Doch unsere Reise sollte schnell weitergehen, denn bereits am nächsten Tag wurden wir von Marcos und Daniel von der Fazenda Ambiental Fortaleza, kurz FAF, gegen Mittag in einem sehr gutem Café abgeholt. Die Wartezeit konnten wir nutzen, um ein paar der Kaffees in Isabelas Coffee Lab zu probieren:
Wirklich beeindruckend war es, wie weit entwickelt die Zubereitungen waren und mit wie viel Begeisterung in diesem kleinen Laden Kaffee zubereitet und geröstet wurde!
FAF
Da Marcos für seinen Fahrstil international gefürchtet ist, schafften wir die 300 km Richtung Norden in Rekordzeit, auch Dank der guten brasilianischen Straßen. Die FAF liegt in der Nähe der Stadt Mococa, auf der Grenze der Provinzen São Paulo und Minas Gerais. Sie ist schon seit Generationen in Familienbesitz und wird seit 2002 von Marcos und Silvia geführt, welche die Farm zu einem Paradies des Ökolandbaus und der Nachhaltigkeit ausgebaut haben. Auf den ca. 800 ha wird bei weitem nicht nur Kaffee angebaut, sondern auch Obst und Gemüse gezogen und Viehwirtschaft betrieben.

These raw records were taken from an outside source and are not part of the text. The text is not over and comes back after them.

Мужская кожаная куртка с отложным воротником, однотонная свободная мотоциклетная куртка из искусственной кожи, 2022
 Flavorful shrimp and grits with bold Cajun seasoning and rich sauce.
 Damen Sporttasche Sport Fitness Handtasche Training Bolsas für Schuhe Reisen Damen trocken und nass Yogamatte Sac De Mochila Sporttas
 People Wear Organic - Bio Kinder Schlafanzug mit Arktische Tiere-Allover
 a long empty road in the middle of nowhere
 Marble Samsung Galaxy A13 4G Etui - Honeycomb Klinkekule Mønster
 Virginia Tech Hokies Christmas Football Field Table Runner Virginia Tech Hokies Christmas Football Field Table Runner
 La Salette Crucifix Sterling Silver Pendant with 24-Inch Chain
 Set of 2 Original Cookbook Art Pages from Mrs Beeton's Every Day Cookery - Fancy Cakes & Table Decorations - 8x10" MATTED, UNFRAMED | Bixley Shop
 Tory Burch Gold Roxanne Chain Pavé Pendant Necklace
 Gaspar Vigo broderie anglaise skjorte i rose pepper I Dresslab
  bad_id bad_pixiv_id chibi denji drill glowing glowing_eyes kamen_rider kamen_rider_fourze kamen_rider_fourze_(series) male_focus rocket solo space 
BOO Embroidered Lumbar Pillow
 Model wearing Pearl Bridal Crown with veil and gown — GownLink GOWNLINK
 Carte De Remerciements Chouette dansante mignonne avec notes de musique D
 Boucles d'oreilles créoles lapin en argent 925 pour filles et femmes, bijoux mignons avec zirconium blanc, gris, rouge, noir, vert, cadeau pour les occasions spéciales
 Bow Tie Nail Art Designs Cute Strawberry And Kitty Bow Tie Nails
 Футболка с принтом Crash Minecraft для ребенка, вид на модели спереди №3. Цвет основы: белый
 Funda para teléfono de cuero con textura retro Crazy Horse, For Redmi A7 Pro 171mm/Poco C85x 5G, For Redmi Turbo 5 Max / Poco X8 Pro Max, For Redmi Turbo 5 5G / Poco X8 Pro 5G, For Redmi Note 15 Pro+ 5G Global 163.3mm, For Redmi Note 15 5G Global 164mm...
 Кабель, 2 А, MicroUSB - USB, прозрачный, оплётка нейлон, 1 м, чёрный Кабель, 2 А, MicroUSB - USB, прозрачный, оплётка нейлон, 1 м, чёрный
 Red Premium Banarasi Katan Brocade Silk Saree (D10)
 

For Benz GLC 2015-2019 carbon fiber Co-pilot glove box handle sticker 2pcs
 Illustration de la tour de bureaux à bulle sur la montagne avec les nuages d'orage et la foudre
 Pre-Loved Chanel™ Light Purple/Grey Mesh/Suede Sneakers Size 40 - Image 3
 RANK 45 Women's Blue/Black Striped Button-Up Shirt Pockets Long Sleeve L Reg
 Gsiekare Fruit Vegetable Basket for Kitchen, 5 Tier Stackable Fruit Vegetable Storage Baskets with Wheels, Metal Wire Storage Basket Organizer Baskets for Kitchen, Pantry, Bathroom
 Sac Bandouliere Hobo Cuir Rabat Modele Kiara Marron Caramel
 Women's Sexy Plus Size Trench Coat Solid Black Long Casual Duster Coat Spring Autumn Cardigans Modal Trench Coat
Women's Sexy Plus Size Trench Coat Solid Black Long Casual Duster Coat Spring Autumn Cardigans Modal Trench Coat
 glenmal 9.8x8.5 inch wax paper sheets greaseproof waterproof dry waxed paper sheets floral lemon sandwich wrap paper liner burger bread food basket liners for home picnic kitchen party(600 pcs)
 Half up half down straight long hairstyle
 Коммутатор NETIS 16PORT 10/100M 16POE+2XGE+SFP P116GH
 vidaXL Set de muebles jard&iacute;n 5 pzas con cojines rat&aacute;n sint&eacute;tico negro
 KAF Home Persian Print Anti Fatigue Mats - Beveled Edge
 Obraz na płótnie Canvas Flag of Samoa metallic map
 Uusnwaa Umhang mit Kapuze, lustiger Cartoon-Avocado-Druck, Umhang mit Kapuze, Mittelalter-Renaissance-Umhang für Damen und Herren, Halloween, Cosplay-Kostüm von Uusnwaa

Die FAF ist das Herzstück des Bob-O-Link-Projekts, dessen Kaffee ihr ja bereits vom Loppokaffeeexpress kennt. Alle Farmer, die bei diesem Projekt mitwirken und zusammenarbeiten, bringen während und nach der Ernte Proben ihrer Rohkaffees zur FAF. Dort hat Felipe, der Sohn von Marcos und Silvia, die fast unlösbare Aufgabe, diese Kaffees zu rösten, zu probieren und zu bewerten. Aus den einzelnen Lots, also Kaffees, die auf einem bestimmten Abschnitt der Farm gewachsen sind, muss er zudem Blends entwickeln.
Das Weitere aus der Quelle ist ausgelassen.